I use the term ‘play within the play’; to say ‘opera within the opera’ does sound clumsy and wilful. And in fact Param Vir and I never have viewed our collaboration as upon an ‘opera’ as such, but as a work of music theatre. My governing intention has been, throughout, to achieve a dramaturgy and text of an energy so compressed, that the music would come to the composer from inside the material, rather than he externally ‘set’ it. Yet, what ‘music’? How many different ‘musics’ must the composer find? A ‘framing’ music for the world of the King, for whom the story of the music contest is being staged. A more stylized music, for the stylized staging of the inner story. An ‘inferior’ music, for the ‘inferior’ musician - and how are the audience to be helped identify it as inferior? And all this, without its becoming a reductionist battle of fashionable styles... Most of all, a more and more miraculous music as the old man’s strings begin to break. Altogether, the composer must, in some sense, become a Guttil himself... These are problems not for the composer alone. The librettist must furnish a dramaturgy that renders the composing problems clear, and soluble.
And other dramaturgical problems present themselves. For instance, in our play-within-our-play, can our two contestants sing their thoughts? If so, how can we theatrically detach this singing from the onstage texture of music in action, so that the audience don’t hear the singing as part of the contest? In fact there are several dimensions of ‘shared’ and ‘unshared’ reality in play onstage, in and out of which the librettist, as dramatist, has to manoeuvre the audience without their knowing, so that they ‘read’ the action naturally and accurately. Dramaturgically most challenging, perhaps, is the problem of the fourth string’s breaking. One by one, already three strings have gone - in linear succession. The fourth string’s breaking cannot merely be the next in line: it has to be of some altogether different species of breaking; and somehow unpredictable, logical and ‘right’ yet still surprising when it comes.

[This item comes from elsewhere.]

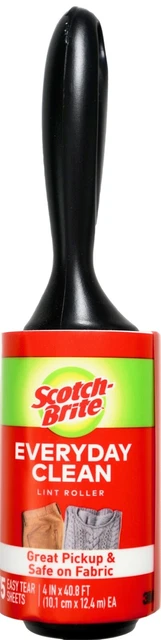 Scotch-Brite Lint Roller for Laundry Clothes Fuzz Pet Hair, 75 150 or 375 Sheets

By the time we were working the fifth version of the libretto, we began to feel that we had trapped ourselves in an infinite regress of insolubles. Yet, as I have found so often happen in working a piece on the stage, here too the evolving onstage story was coming more and more to mirror our creative process itself. Each version of the libretto seemed so stable as I evolved it. When put to the test of examination by the composer and myself, it disintegrated. Like a breaking string, indeed... And as each string broke, it left us with a despairing sense that the whole endeavour was misconceived, and should be abandoned. I became angry with the material, for proving so intractable. Angry with myself too, for ‘choosing’ this story at all. Yet, as each working failed us, soon the project was gathering its own momentum again, with a deep inward insistence of its own - much like Guttil himself; and we began to discover the text and the narrative becoming tougher and richer... and simpler and more translucent too. Which is right. For it should not feel to an audience like the eighth, or indeed any, reworking. It should feel in performance as though it is coming naturally right first time.